University of Tennessee researchers say electric cars in China could be more harmful to health than gasoline-powered vehicles because of the way electricity is generated in the country.
Chris Cherry, an assistant professor of civil and environmental engineering, and graduate student Shuguang Ji analyzed the emissions and environmental-health impacts of five vehicle technologies in 34 major Chinese cities, focusing on dangerous fine particles.
The researchers evaluated health impacts in China using overall emissions data and emission rates from literature about gasoline and diesel cars, diesel buses, electric bikes and electric cars. They then calculated the proportion of emissions inhaled by the population.
What they found defies conventional logic: Electric cars cause more overall harmful particulate-matter pollution than gasoline cars.
Particulate matter includes acids, organic chemicals, metals and soil or dust particles. It also is generated through the combustion of fossil fuels.
The electric cars' impact was lower than that of diesel cars but equal to that of diesel buses. Electric bikes yielded the lowest environmental-health impact per passenger per kilometer (0.6 miles).
Combustion emissions occur in electric vehicles where electricity is generated, rather than where the vehicle is used. In China, 85% of electricity production is from fossil fuels and about 90% of that is from coal.
The researchers discovered that the power generated in China to operate EVs emit fine particles at a much higher rate than gasoline vehicles.
However, because the EV-related emissions often come from power plants located away from population centers, people breathe in the emissions at a lower rate than from conventional vehicles.
Still, the researchers say the rate isn't low enough to level the playing field between the vehicles. In terms of air-pollution impacts, electric cars are more harmful to public health per kilometer traveled in China than conventional vehicles.
“The study emphasizes that electric vehicles are attractive if they are powered by a clean energy source,” Cherry says in a statement.
“In China and elsewhere, it is important to focus on deploying electric vehicles in cities with cleaner electricity generation and focusing on improving emissions controls in higher-polluting power sectors.”

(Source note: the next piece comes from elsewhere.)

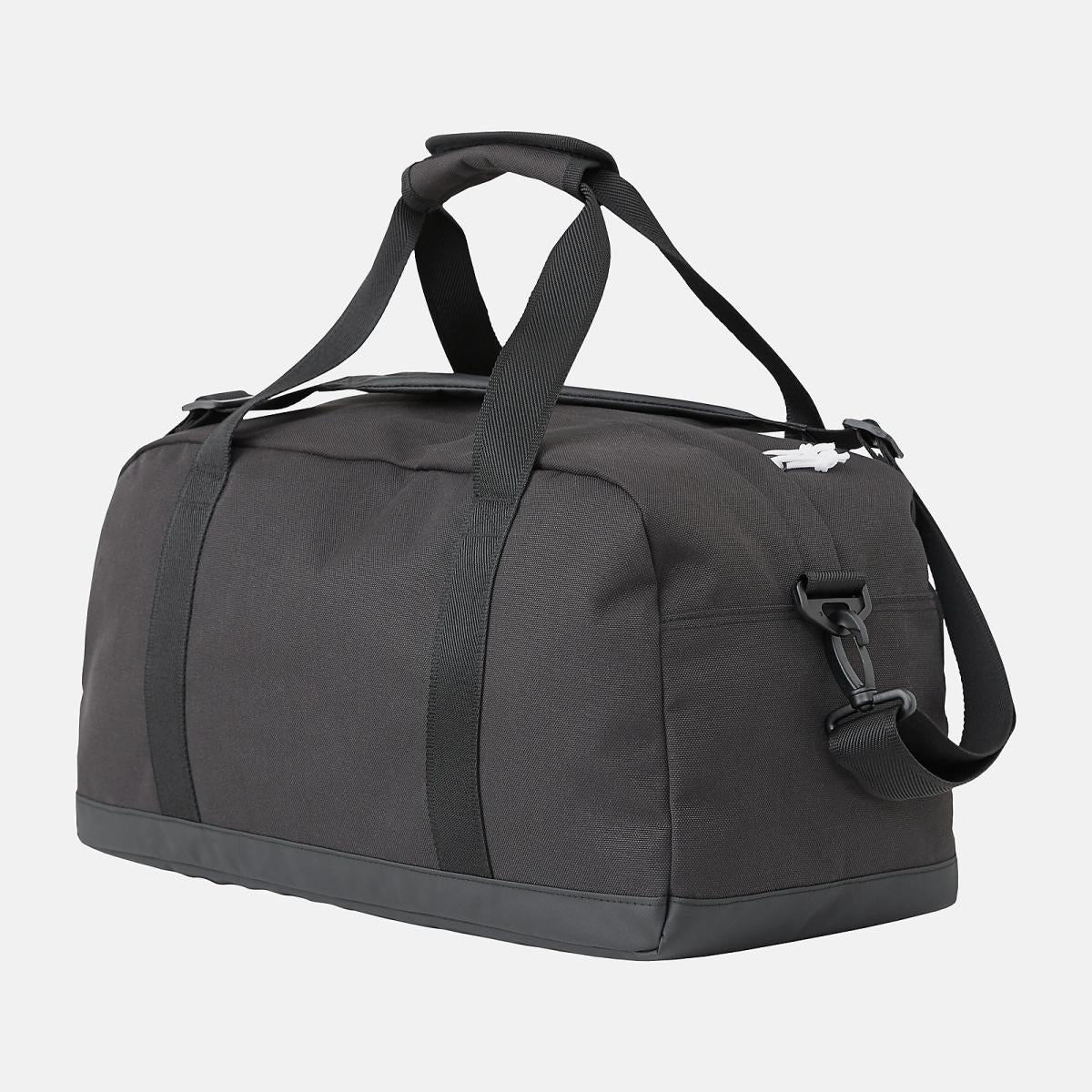 Bags | Men/Women/Kids New Balance Athletics Duffle Bag Black With White Print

Cherry says the findings also highlight the importance of considering exposures and the proximity of emissions to people when evaluating EVs’ environmental-health impacts.
The results also illuminate the distributional impact of moving pollution out of cities. About half of the EV-generated urban emissions are inhaled by rural populations, which generally have lower incomes.

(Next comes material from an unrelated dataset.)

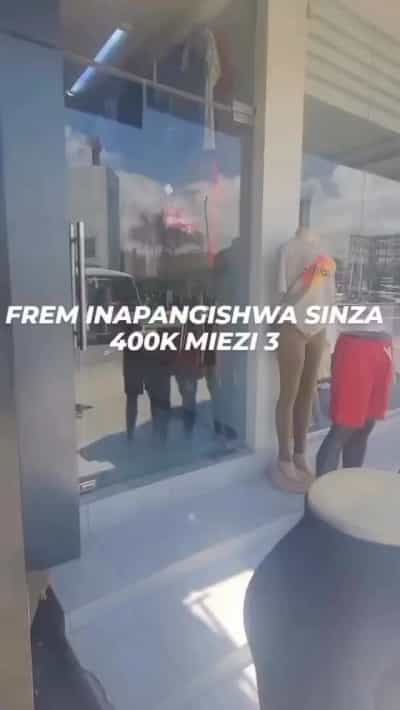 Shop for Rent in Sinza, Dar Es Salaam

“An implicit assumption has been that air quality and health impacts are lower for electric vehicles than for conventional vehicles,” Cherry says.
“Our findings challenge that by comparing what is emitted by vehicle use to what people are actually exposed to. Prior studies have only examined environmental impacts by comparing emission factors or greenhouse-gas emissions.”

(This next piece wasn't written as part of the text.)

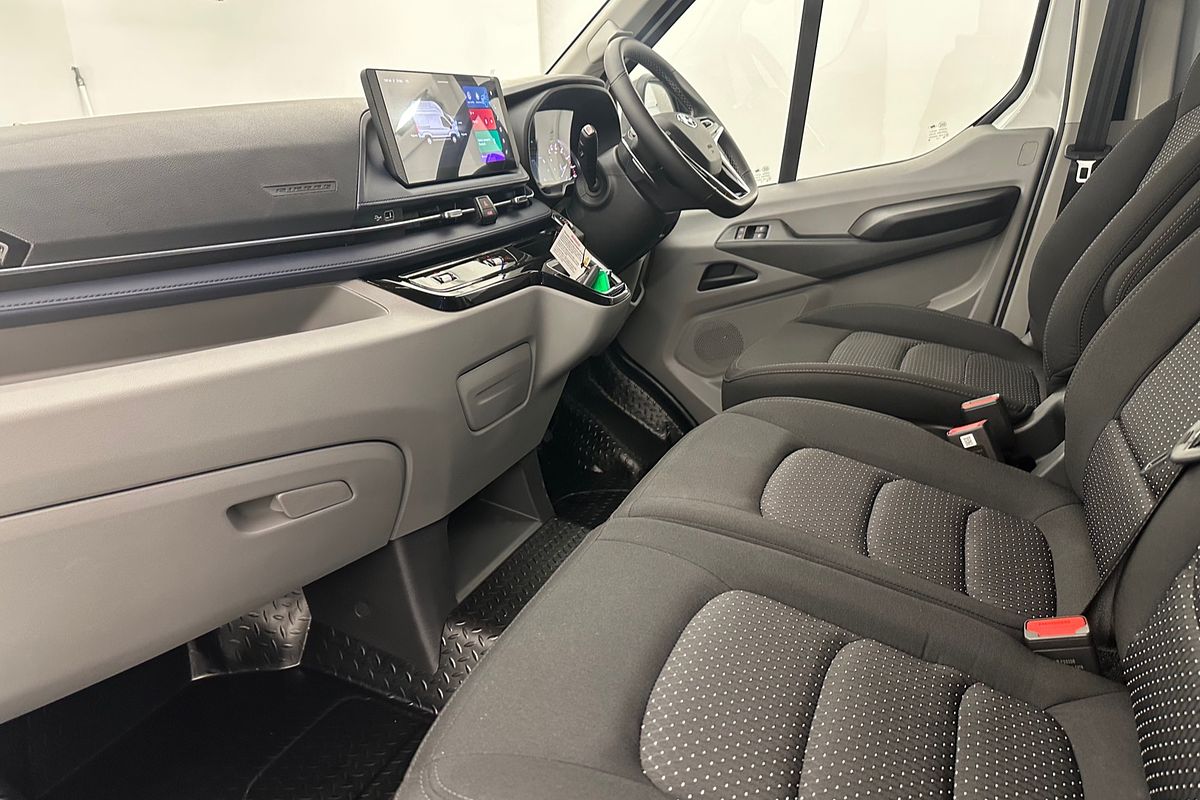 2025 LDV Deliver 9 LWB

The researchers conducted their study in China because of the popularity of electric bikes and electric cars and the country's rapid growth. Electric vehicles, including electric bikes, in China outnumber conventional vehicles 2:1.
They say electric bikes in China involve the single largest adoption of alternative-fuel vehicles in history, with more than 100 million units purchased in the past decade.
This, they say, is more than all other countries combined.